Brief descriptive captions
::::
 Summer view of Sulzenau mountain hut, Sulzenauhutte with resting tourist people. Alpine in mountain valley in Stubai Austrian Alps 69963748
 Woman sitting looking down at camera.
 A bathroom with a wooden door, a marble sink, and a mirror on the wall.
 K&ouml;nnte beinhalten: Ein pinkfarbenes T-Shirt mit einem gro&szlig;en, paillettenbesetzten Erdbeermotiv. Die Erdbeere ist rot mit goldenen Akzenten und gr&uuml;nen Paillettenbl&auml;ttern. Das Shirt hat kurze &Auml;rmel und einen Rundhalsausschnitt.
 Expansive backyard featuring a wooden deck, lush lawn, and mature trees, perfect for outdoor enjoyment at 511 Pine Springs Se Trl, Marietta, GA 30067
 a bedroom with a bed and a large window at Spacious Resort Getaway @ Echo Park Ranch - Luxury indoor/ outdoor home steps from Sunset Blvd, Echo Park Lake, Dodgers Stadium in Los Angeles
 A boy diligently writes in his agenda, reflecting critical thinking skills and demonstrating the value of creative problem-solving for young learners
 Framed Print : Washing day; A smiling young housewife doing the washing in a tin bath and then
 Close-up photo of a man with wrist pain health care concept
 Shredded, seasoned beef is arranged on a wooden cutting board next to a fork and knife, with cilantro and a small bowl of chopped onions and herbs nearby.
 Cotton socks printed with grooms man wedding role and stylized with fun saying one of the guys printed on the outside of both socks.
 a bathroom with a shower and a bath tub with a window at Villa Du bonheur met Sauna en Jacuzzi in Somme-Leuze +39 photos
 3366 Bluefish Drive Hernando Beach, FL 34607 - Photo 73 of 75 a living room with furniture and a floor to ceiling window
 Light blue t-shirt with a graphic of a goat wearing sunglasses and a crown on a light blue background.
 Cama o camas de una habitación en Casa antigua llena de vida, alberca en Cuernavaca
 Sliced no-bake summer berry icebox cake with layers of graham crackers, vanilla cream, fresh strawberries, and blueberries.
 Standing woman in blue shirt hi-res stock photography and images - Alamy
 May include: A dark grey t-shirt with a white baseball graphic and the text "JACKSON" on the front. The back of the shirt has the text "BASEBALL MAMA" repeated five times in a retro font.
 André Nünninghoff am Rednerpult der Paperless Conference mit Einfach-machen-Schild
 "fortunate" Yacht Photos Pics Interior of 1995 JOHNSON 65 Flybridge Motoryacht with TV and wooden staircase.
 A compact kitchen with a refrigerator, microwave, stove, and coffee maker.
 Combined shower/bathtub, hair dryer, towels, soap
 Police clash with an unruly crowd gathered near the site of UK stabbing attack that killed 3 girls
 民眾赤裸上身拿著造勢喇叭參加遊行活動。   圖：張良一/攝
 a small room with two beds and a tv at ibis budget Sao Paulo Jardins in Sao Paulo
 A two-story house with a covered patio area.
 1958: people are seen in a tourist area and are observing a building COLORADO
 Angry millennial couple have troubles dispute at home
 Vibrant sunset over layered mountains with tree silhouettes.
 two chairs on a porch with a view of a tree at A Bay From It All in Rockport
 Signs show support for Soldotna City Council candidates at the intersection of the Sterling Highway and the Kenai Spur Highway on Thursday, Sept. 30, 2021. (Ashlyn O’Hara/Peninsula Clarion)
::::
If a line falls between the first line of the data above and the line holding "Shredded, seasoned beef", inclusive, retype it exactly; retype no other line.

 Summer view of Sulzenau mountain hut, Sulzenauhutte with resting tourist people. Alpine in mountain valley in Stubai Austrian Alps 69963748
 Woman sitting looking down at camera.
 A bathroom with a wooden door, a marble sink, and a mirror on the wall.
 K&ouml;nnte beinhalten: Ein pinkfarbenes T-Shirt mit einem gro&szlig;en, paillettenbesetzten Erdbeermotiv. Die Erdbeere ist rot mit goldenen Akzenten und gr&uuml;nen Paillettenbl&auml;ttern. Das Shirt hat kurze &Auml;rmel und einen Rundhalsausschnitt.
 Expansive backyard featuring a wooden deck, lush lawn, and mature trees, perfect for outdoor enjoyment at 511 Pine Springs Se Trl, Marietta, GA 30067
 a bedroom with a bed and a large window at Spacious Resort Getaway @ Echo Park Ranch - Luxury indoor/ outdoor home steps from Sunset Blvd, Echo Park Lake, Dodgers Stadium in Los Angeles
 A boy diligently writes in his agenda, reflecting critical thinking skills and demonstrating the value of creative problem-solving for young learners
 Framed Print : Washing day; A smiling young housewife doing the washing in a tin bath and then
 Close-up photo of a man with wrist pain health care concept
 Shredded, seasoned beef is arranged on a wooden cutting board next to a fork and knife, with cilantro and a small bowl of chopped onions and herbs nearby.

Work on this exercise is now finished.